Top of Supplied material

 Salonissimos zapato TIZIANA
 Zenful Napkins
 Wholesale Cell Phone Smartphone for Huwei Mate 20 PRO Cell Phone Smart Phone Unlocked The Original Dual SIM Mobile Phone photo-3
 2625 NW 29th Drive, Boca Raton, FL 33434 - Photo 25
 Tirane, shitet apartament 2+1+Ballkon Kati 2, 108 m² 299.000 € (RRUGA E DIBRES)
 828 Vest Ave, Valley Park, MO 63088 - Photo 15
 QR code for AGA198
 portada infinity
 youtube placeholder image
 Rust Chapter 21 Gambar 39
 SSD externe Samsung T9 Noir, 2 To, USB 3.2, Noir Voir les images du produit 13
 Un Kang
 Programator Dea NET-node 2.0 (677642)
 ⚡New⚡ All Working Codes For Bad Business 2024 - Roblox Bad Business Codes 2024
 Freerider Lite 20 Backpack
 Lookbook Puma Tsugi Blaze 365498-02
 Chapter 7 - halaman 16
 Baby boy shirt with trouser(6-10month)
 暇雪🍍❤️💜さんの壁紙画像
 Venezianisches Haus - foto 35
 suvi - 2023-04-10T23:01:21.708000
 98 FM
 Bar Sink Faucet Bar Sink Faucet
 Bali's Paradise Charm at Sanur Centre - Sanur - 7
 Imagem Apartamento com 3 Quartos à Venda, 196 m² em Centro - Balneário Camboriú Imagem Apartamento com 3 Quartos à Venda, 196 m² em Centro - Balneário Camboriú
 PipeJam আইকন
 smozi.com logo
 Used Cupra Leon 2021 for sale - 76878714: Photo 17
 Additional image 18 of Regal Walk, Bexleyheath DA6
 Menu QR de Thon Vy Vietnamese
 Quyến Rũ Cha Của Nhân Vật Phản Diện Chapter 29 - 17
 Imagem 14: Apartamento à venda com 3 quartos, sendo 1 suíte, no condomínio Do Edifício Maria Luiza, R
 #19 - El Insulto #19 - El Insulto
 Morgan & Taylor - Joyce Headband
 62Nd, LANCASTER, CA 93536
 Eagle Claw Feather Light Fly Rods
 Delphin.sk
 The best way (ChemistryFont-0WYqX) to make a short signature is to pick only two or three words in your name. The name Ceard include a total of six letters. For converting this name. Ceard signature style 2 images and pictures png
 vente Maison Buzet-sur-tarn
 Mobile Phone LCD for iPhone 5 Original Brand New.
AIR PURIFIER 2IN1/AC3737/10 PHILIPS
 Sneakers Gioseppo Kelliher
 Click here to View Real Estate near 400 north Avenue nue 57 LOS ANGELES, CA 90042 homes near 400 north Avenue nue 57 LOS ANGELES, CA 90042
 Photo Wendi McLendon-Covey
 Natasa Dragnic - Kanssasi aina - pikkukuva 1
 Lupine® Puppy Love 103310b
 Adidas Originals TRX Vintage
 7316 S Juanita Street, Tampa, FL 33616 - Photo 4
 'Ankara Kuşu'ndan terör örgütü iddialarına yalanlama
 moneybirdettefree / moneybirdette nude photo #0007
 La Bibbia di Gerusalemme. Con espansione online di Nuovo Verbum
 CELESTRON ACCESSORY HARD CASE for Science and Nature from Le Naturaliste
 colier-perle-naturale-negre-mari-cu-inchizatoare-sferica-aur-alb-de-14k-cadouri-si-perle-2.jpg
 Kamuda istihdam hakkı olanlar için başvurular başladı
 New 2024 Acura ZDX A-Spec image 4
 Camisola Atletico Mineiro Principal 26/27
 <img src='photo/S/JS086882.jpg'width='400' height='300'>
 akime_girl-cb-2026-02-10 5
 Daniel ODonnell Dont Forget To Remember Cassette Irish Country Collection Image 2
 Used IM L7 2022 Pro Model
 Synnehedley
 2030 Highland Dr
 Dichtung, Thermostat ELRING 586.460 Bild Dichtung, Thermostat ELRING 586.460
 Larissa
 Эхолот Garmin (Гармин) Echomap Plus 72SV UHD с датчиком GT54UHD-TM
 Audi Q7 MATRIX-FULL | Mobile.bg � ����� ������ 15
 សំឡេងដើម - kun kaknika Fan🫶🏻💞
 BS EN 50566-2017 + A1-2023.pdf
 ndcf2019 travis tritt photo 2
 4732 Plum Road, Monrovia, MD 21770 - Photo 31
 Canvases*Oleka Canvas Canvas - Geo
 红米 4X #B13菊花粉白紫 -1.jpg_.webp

Bottom of Supplied material

__What is being asked__
Count the lines of the entries that hold the string "Mobile", then state that number and nothing more.

__Solution__
3